Recently I had an opportunity to look at some logs that showed the cipher suites and protocol versions being negotiated for a large cross-section of websites.
I have always wanted to look at data like this and as such have instrumented my own sites to look at it but let’s face it some uber geek blog or security product company website just isn’t going to have representative traffic for the internet at large.
One of the easiest and most useful things to gleam from this data is that the impact of disabling SSL 3.0 is actually quite small.
So of the sampling 2.48% of all SSL/TLS sessions were done with SSL 3.0, if we look at (and believe) the User Agents that negotiated these sessions we see 74.98% of these were Windows clients, the next biggest chunk was Gecko at 16.39%.
Browser | % |
Internet Explorer |
74.98% |
Gecko |
16.39% |
Apple |
4.12% |
Playstation |
2.85% |
Chrome |
1.36% |
Other |
0.30% |
100.00% |
Of these Windows clients 45.45% of them were Windows 2000 or XP but only 6.67% of them were running versions of Internet Explorer that did not support TLS 1.0; this basically boils down the the IE versions before version 7 as this was the first to enable TLS by default. So why did we see the remaining 68.31% of the 2.48% negotiating SSL when they support TLS?
There are a few possible explanations:
- Some TLS implementations will fall back to SSL in the event of a failure, one common example of a failure would be an intermittent TCP connection problem. Basically if this is the case the client had a problem reaching the server and thought it might be related to TLS and so it tried again. In this case its likely that if it had tried with TLS it probably would have succeeded also.
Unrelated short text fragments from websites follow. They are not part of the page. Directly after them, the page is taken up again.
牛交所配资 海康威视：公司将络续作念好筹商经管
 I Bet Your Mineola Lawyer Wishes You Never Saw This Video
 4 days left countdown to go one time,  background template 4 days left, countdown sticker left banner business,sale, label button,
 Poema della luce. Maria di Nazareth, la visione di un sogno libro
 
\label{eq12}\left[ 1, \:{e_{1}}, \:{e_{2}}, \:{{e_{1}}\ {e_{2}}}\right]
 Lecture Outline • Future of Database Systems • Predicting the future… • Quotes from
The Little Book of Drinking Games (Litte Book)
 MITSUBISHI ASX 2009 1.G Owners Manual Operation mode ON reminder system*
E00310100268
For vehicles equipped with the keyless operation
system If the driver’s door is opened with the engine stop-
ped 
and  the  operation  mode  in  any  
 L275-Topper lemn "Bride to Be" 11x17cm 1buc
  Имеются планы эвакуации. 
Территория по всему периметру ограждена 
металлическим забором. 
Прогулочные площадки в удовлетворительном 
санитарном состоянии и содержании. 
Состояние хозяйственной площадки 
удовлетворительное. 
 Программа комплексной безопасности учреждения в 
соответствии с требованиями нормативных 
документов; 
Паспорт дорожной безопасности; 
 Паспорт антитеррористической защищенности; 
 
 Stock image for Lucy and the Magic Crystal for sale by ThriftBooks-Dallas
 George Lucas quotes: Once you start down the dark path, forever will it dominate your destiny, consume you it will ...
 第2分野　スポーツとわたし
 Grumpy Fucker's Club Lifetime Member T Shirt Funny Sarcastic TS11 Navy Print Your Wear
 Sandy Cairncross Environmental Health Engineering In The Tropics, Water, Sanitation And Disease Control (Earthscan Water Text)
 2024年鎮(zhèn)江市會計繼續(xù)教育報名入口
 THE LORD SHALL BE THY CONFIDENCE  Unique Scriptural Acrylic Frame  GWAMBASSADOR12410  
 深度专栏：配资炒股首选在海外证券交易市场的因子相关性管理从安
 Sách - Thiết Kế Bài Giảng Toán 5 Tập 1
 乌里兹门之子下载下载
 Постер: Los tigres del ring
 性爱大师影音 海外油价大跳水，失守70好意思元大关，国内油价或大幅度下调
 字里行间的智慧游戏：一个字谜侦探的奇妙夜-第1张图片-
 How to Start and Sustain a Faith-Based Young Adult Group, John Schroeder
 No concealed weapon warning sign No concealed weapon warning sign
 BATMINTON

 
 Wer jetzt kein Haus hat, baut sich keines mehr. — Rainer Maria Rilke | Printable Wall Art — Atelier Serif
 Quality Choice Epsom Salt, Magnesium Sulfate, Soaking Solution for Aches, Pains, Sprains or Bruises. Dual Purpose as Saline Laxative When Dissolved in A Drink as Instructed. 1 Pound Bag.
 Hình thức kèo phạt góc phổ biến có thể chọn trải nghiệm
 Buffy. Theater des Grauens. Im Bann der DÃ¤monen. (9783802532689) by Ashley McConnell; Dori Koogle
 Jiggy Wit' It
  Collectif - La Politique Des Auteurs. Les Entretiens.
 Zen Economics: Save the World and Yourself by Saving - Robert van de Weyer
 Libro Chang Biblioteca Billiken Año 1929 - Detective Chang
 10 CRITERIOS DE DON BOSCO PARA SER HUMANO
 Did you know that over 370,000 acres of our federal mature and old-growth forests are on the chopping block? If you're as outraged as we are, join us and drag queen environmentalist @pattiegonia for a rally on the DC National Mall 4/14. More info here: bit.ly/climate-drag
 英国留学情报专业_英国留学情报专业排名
It also seems that its likley in this case the user did not get a working experience — the assumption here is that the TCP problems they are experiencing were not a one time thing.
- Some old TLS implementations had problems with TLS extensions as such some TLS implementations added logic to fall back to SSL when they encountered a this extension intolerance, again falling back to TLS (without extensions) would have likely also worked.
- Some enterprises may have used group policy to disable the use of TLS due to the TLS extension intolerance problems (see #2).
- Some clients are lying; they may be crawlers, bots and other such automated agents looking to profile these websites.
So what can we do with this data?
Well for one we can understand what interoperability implications we may encounter by disabling SSL 3.0 on our servers – on the surface the answer is up to 2.48% of clients will not be able to get to our servers.
The real answer is that it’s likely that figure is much smaller, probably half that if not even less than.
OK, so we understand the interoperability impact but why should I care? Well there are a few reasons:
- NIST 140-2 compliance requires disabling SSL 3 ciphers and by disabling SSL 3 you do just that.
- The browsers that only support this decade old protocol are nearly as old and a have a litany of issues of their own.
- TLS has a number of security, performance and deploy-ability enhancing features such such as stronger cipher suites, Session Tickets and SNI that you will benefit from.
Another thing you should ask yourself is did you design your site for these old browsers? If not by leaving SSL 3 enabled you really are not getting much if any benefit since those users who require it would likely not be able to use your site effectively anyways.
When we consider this data I believe the natural conclusion is that disabling SSL 3.0 it is the right thing to do.